> **Your assignment**:
The listing below is to be duplicated exactly, with every picture omitted.

[Available data]

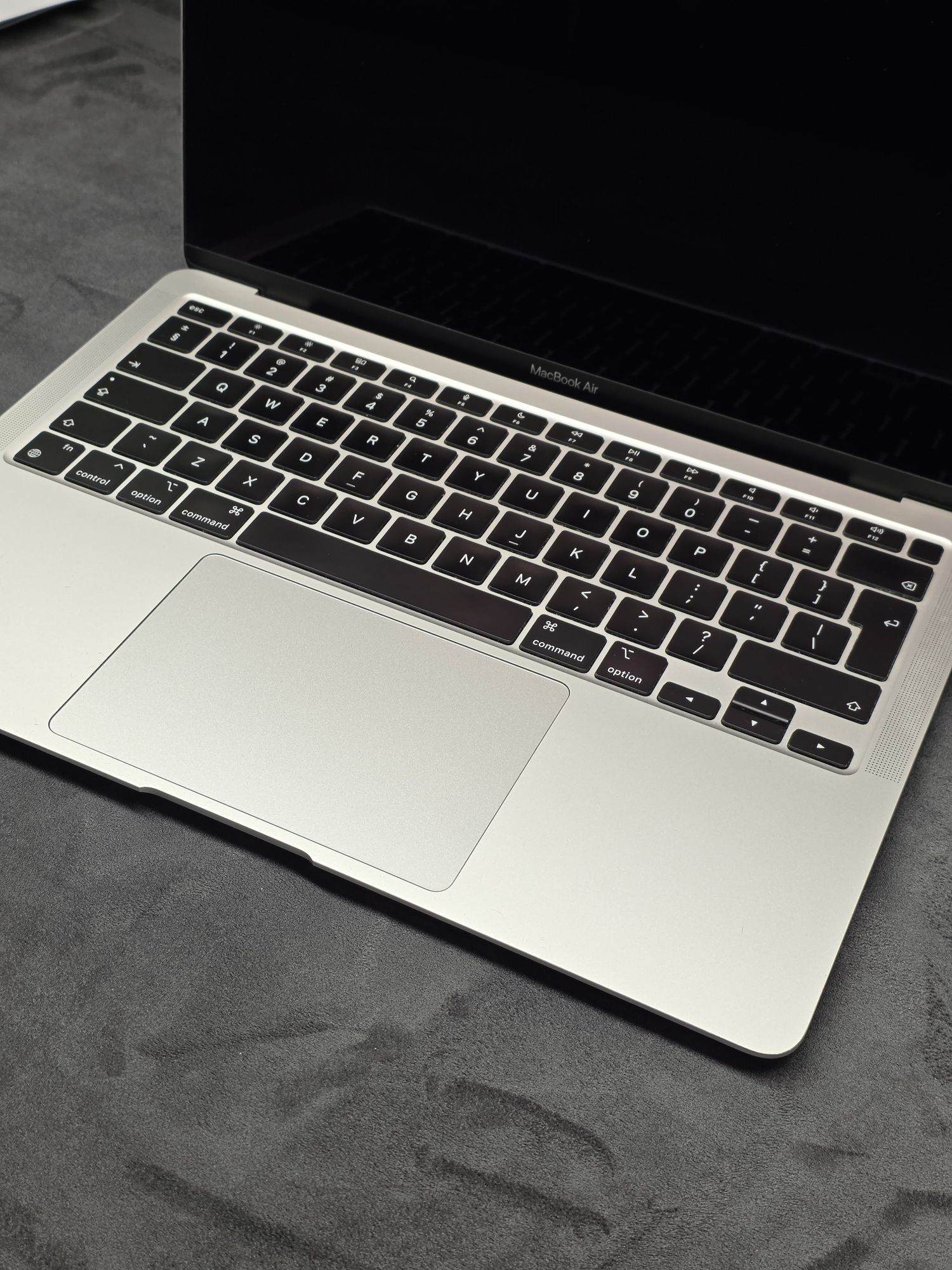 Macbook Air M1 16/256GB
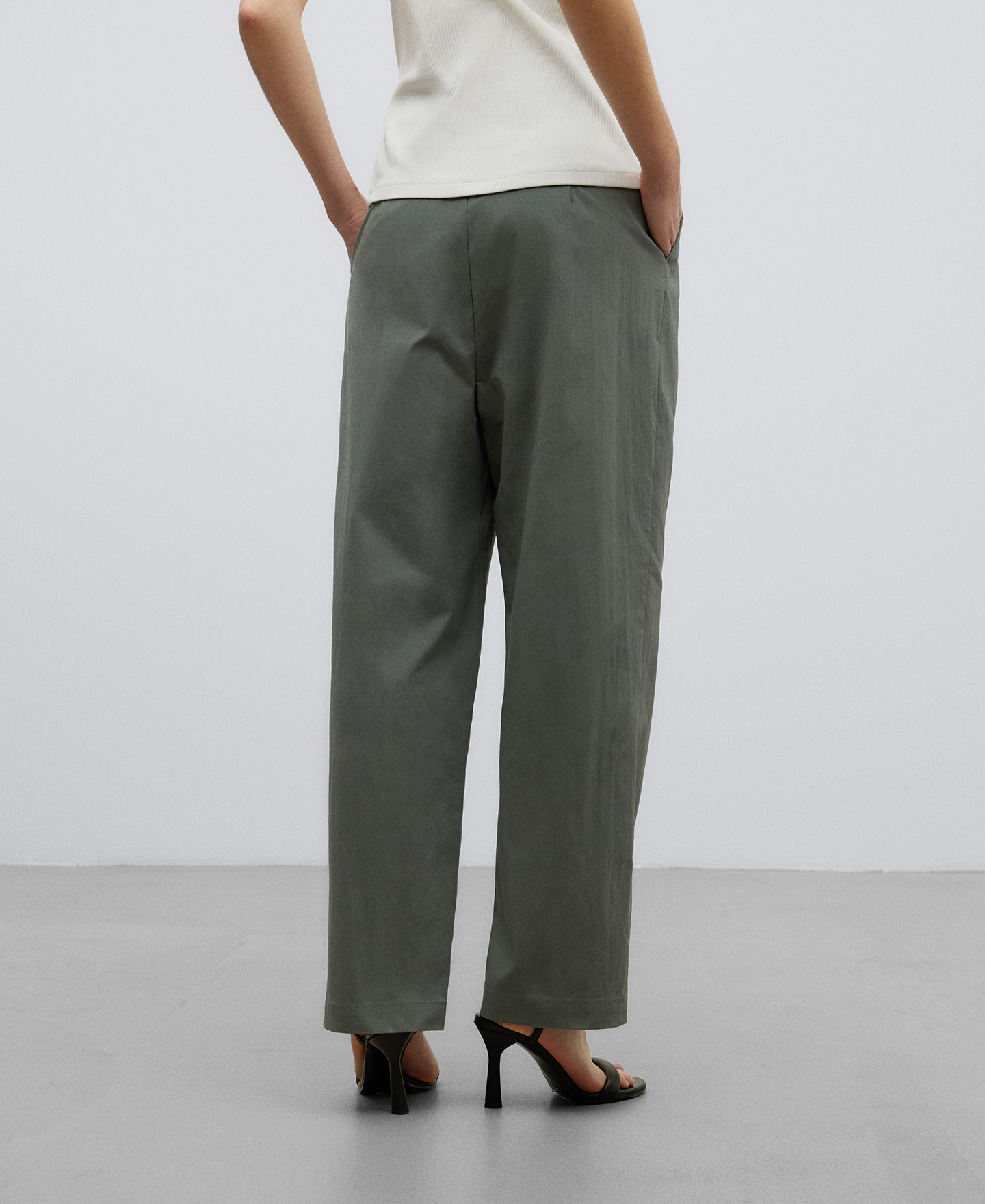 Green trousers woman image number 2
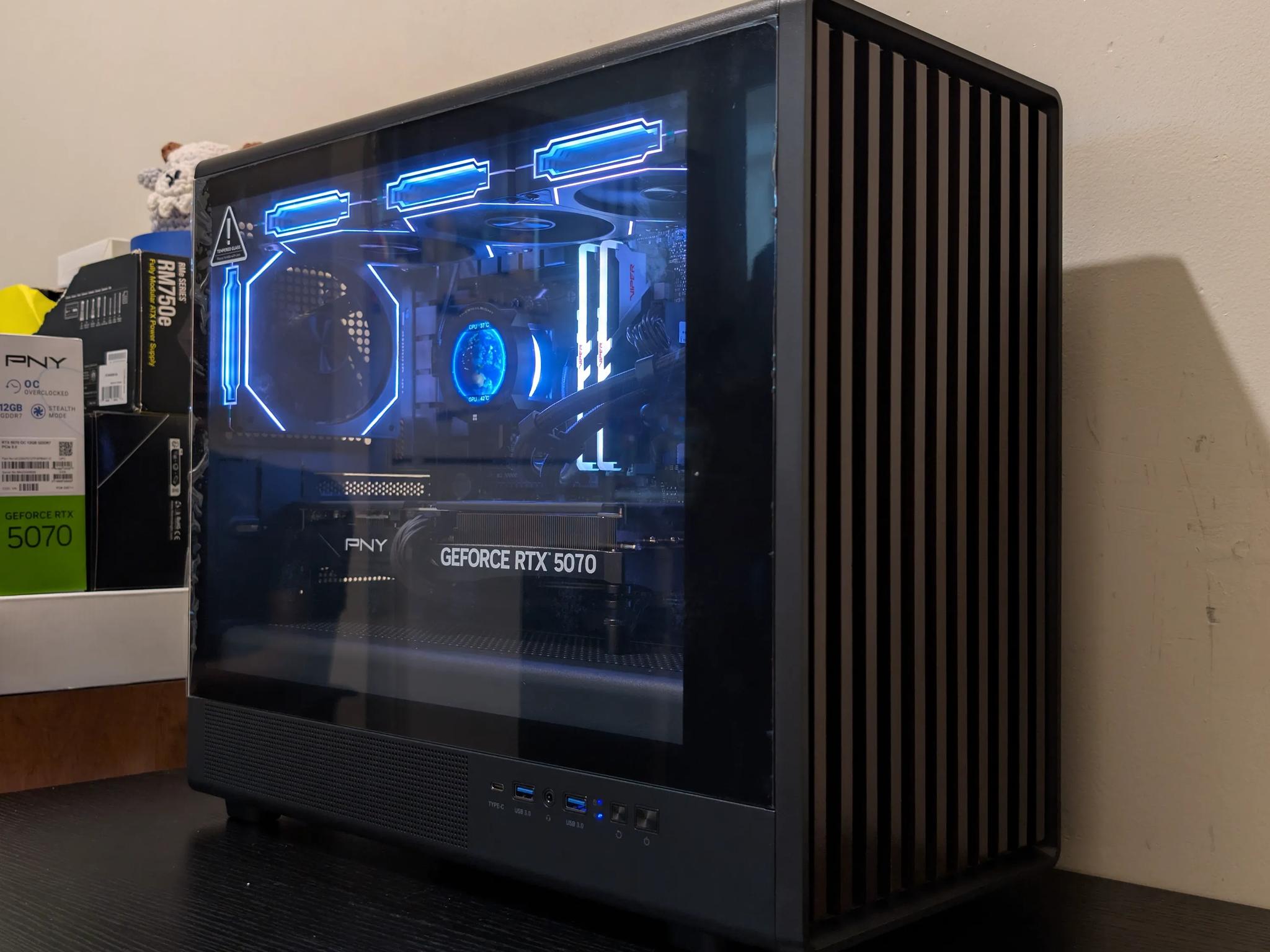 🪵🔥1440p Gaming Beast | RTX 5070 | Ryzen 5 7600X | 1TB SSD | 32GB RAM | WiFi 6 & Bluetooth🔥🪵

[/Available data]

> **Answer box**:
 Macbook Air M1 16/256GB
 Green trousers woman image number 2
 🪵🔥1440p Gaming Beast | RTX 5070 | Ryzen 5 7600X | 1TB SSD | 32GB RAM | WiFi 6 & Bluetooth🔥🪵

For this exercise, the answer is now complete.